A fundamental tenet of information architecture is the belief that if your site isn’t easy to navigate, doesn’t have great content or simply falls flat compared to a competitor, people will abandon it. While I subscribe to this belief, it does have exceptions and higher ed sites are one of those exceptions. Why? Because higher ed sites have a captive audience.
What I mean is that any student who is interested in a given school will not drop it for consideration simply because its website doesn’t navigate well or has grainy photos or doesn’t offer RSS subscriptions. Individally, these things don’t matter compared to the high profile decision of what school to attend for the next X number of years. Instead, cost, location, admission requirements, program selection, athletic opportunities, scholarships, etc. are the kinds of information that students will use to narrow their school choice. Once those choices have been narrowed, you’ll essentially have a captive audience. As such, those visitors will put up with a poor overall experience.

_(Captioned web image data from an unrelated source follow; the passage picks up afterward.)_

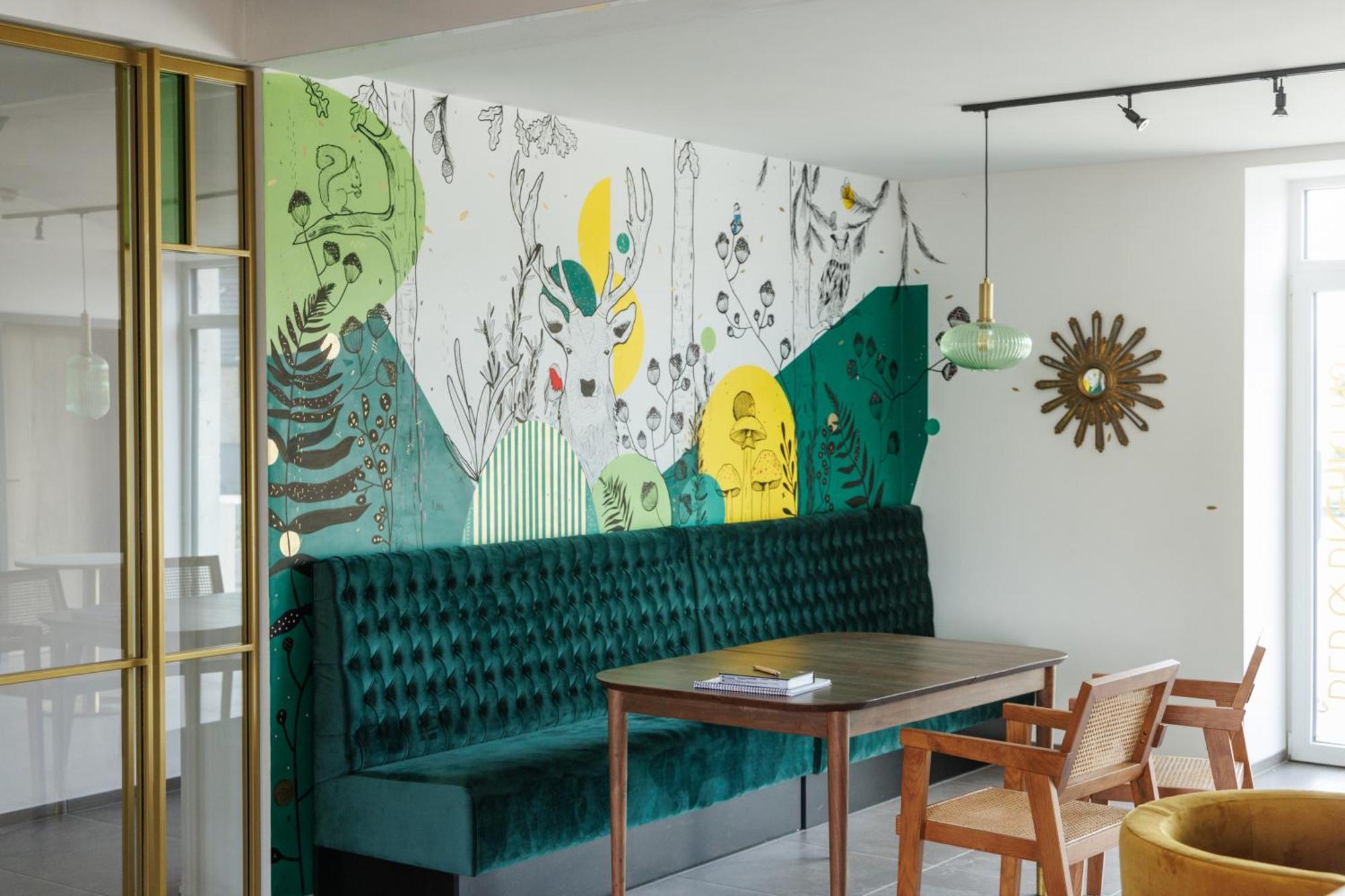 Cerf, Ouvre-Moi B&B โรชฟอร์ ภายนอก รูปภาพ
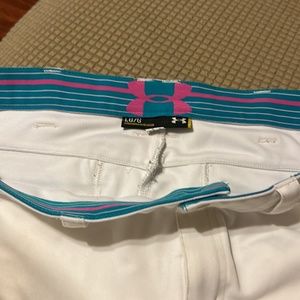 Women’s Under Armour softball pants
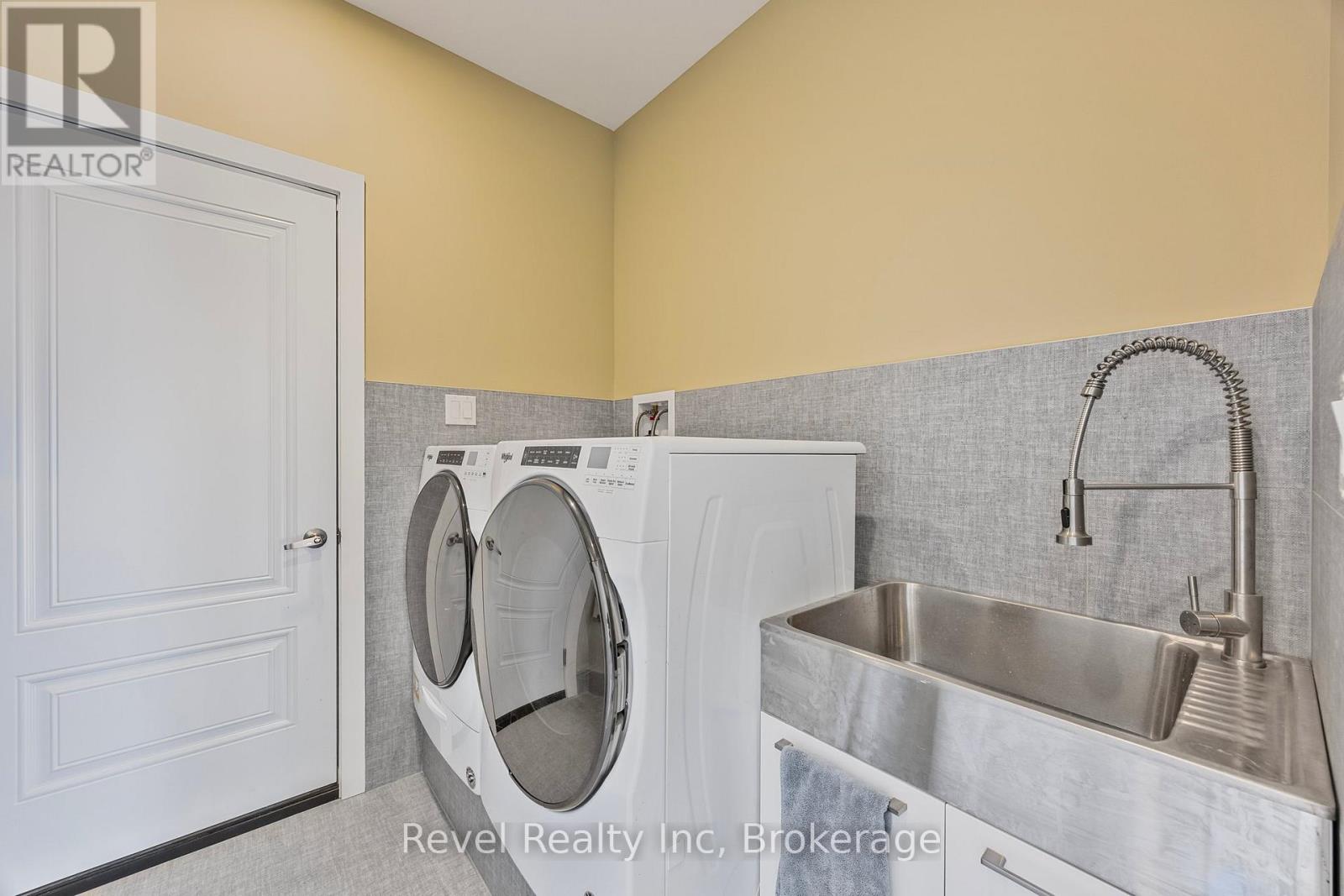 15 STONEY ROAD - 26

This doesn’t mean you have a license to make a mess of your school’s site, however. But you also shouldn’t feel rushed to introduce blogging just because the site feels outdated by not offering it. Today’s potential students expect a lot from websites, but falling short on those expectations does not necessarily equate to lower enrollment numbers. MySpace, Facebook and many other popular websites with potential students are, from an IA perspective, usability nightmares. But clearly this doesn’t hamper their success. For these sites, the benefits outweigh the costs. The same holds true for higher ed sites. Fight the good fight and strive for perfection, but don’t lose perspective of the bigger picture. Your audience is there and will continue to be there because of the relatively few options at their disposal. Make your decisions with that understanding. Instead of tackling what can be a daunting project — social networking, for instance — break it down into smaller pieces and chip away at it. First get the fundamentals right, then build on it. Don’t abuse the captive audience advantage, leverage it.